Digital Audio Recording Terminology Explained
Digital Recording Concepts and Terms
This document defines key terms and concepts essential for understanding digital audio recording and computer hardware in audio production.
Sample Rate
The number of samples of an audio signal taken every second. Standard audio CD format has a sample rate of 44,100 samples per second, often notated as 44.1 kHz.
Nyquist Theorem
The principle stating that a sample rate must be at least twice as high as the highest frequency being sampled in order for that frequency to be accurately reproduced.
Bit
A single unit of computer data, representing either a 0 or a 1.
Bit-Depth
The number of bits of data used to record the position (amplitude) of an audio signal in one sample. The more bits used, the more accurate the recording. For example, 1 bit allows for 2 possible values, 2 bits for 4 values, and 3 bits for 8 values. It determines the precision with which the amplitude (fluctuation and voltage) of the audio signal is recorded.
Quantization
The process of moving the recorded value of a voltage to the nearest discrete value that can be recorded, based on the bit-depth of the recording process.
Dither
The process of adding a small amount of white noise to a signal just prior to it being digitized. This small amount of error can offset the effects of the inaccuracy of digital recording caused by quantization, improving perceived audio quality.
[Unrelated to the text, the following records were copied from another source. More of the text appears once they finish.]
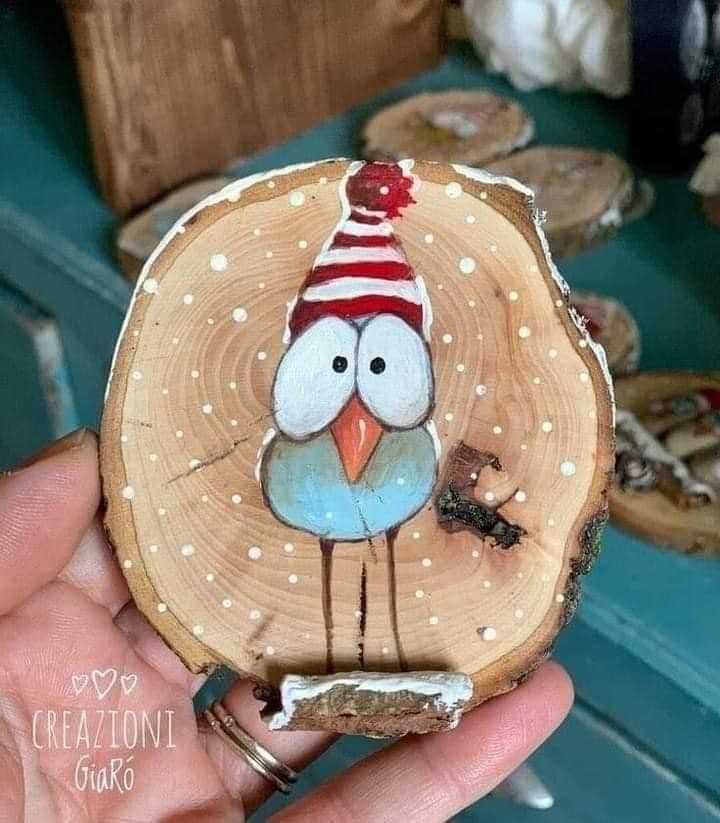27 idées de décoration de Noël avec des bûches de bois 15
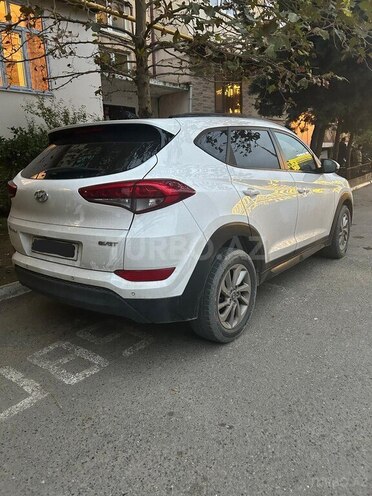 Hyundai Tucson 2016, 102,200 km - 2.0 л - Bakı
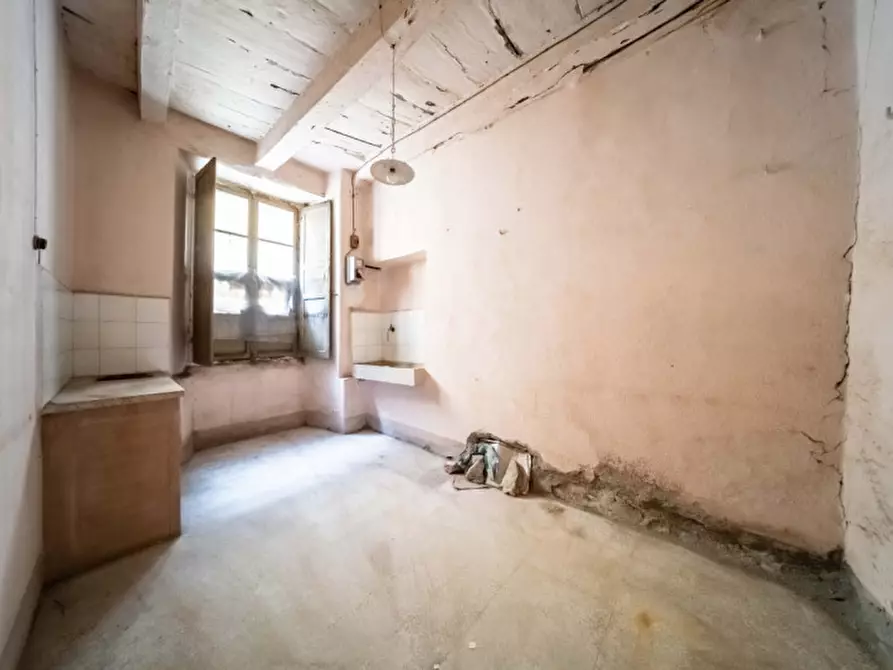 Immagine 7 di Appartamento in vendita  in Via 24 maggio 7/9 a Corniglio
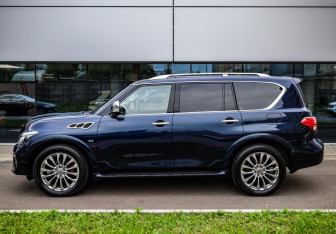 Подержанный автомобиль Infiniti QX80 2017 года (8 фото)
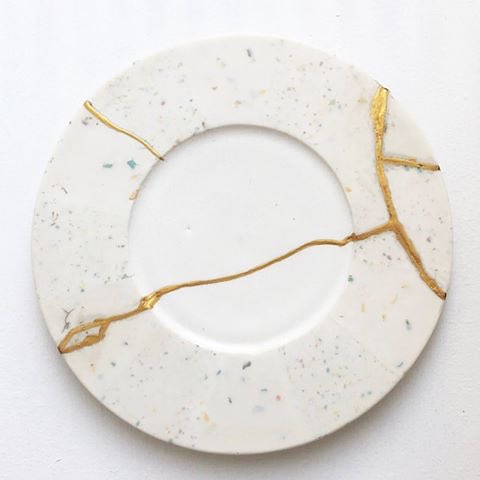 ゼサン على تويتر スターウォーズ新作のカイロ レンが被るヘルメットが金継ぎに見える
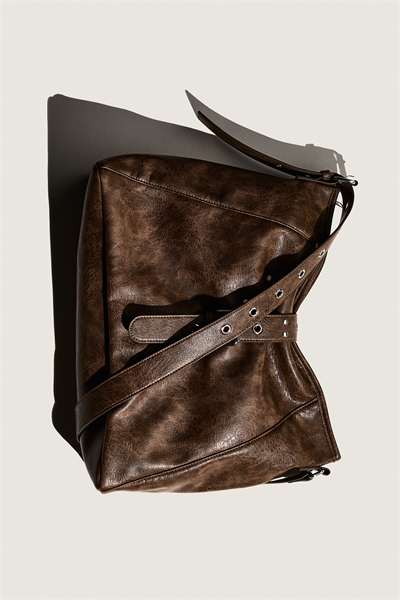 Сумка кроссбоди с покрытием 1239935002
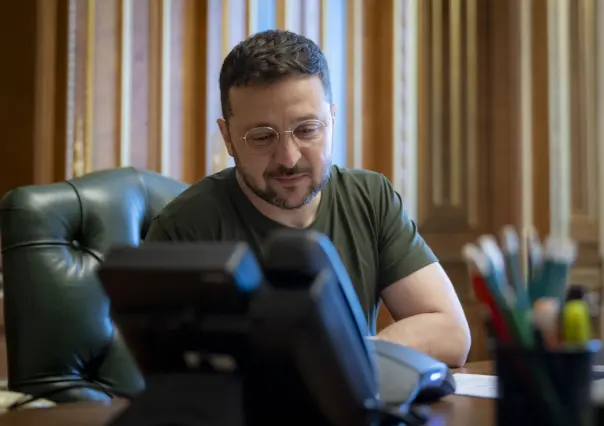 Presidente de Ucrania mantiene llamada telefónica con el Papa León XIV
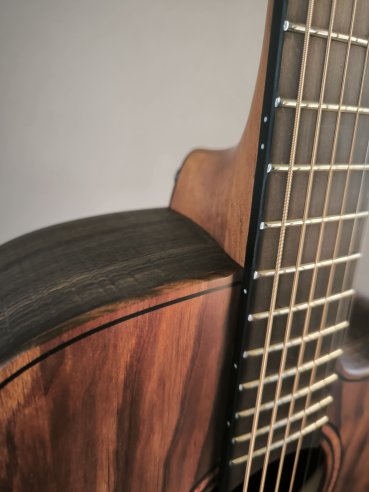 LAG Savage ACE Chitarra Folk Elettrificata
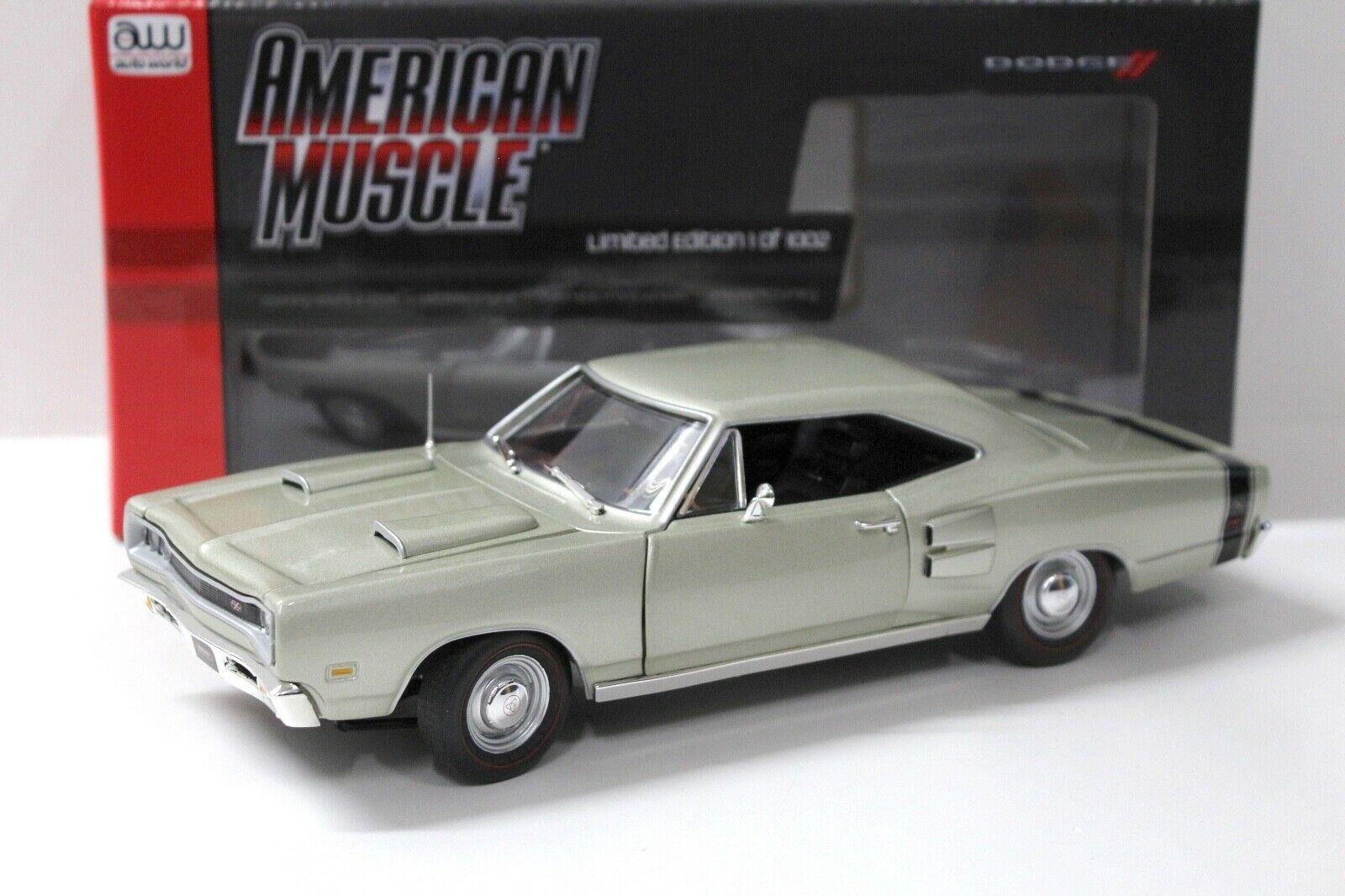 1:18 Auto World Dodge Coronet R/T Coupe 1969 light green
RAM (Random Access Memory)
The region in which the data that the computer needs for the processes it is currently running is stored. This is short-term, volatile memory that is purged as soon as the process is ended. Historically, RAM was purchased in megabyte (MB) chips, but modern systems require gigabytes (GB) for optimal performance. Digital Audio Workstations (DAWs) usually require a large amount of RAM as sound files take up a lot of space, and there can be no disruption of the flow of audio in or out of the sound card, or there will be audible errors during recording or playback.
HD (Hard Drive)
This is the device on which the computer’s operating system, software, and files are stored. Generally, it consists of a series of small magnetic platters (discs) that store data as a series of magnetic polarities. Optimal audio computer design often involves storing the operating system and software on a primary drive (e.g., C: drive) and all audio files on separate, dedicated drives.
Linear Editing/Recording
A recording and editing process, such as onto tape, that does not allow the user to move tracks around in time or relative to one another. Edits are permanent and sequential.
Non-Linear Editing
An editing system that allows recordings to be manipulated in time, either as a block or by individual tracks. Tracks can be copied, pasted, or dragged, offering flexibility and non-destructive workflows.
Destructive Editing
Involves actual data manipulation and alteration, such as cloning. It should usually be performed on a copy of the original RAW data, as the changes are permanent. This method often requires more storage space for copies.
Non-Destructive Editing
Includes the ability to perform edits on a single file (not a copied file) while retaining the option to revert to the original. Edits are stored on”sideca” files or equivalent data structures, but never affect the original bits of the RAW data. This method often benefits from a faster processor to apply edits in real-time.
Bit Error
A single piece of data is corrupted. Error correction often involves redundancy, which sends the same information more than once to avoid or correct the error.
Burst Error
Many samples or large chunks of music are corrupted. Error correction methods include Interpolation, which estimates missing data to form a continuous signal, and Interleaving, which rearranges data to reduce the impact of consecutive errors.
RAID
Is the acronym for Redundant Array of Independent Disks, a data storage virtualization technology that combines multiple physical disk drive components into one or more logical units for the purposes of data redundancy, performance improvement, or both.
RAID 0
A striping solution: provides no redundancy or data protection from the failure of any disk. RAID 0 achieves faster data access by splitting or”stripin” the recorded data across all drives in the array, improving read/write times and effectively spreading the load.
RAID 1
A mirroring solution: All data is recorded on not just one but two identical drives, so that two copies exist at all times. If one drive fails, the exact copy on the other continues to function and no data is ever lost. It effectively presents both drives as a single logical drive. While highly reliable for data integrity, it halves the usable storage capacity.
Hybrid System (RAID 0+1 or RAID 1+0)
Combines striping and mirroring. It offers high performance and data redundancy, ensuring data is not lost, but typically requires more drives, power, and cost compared to single RAID levels.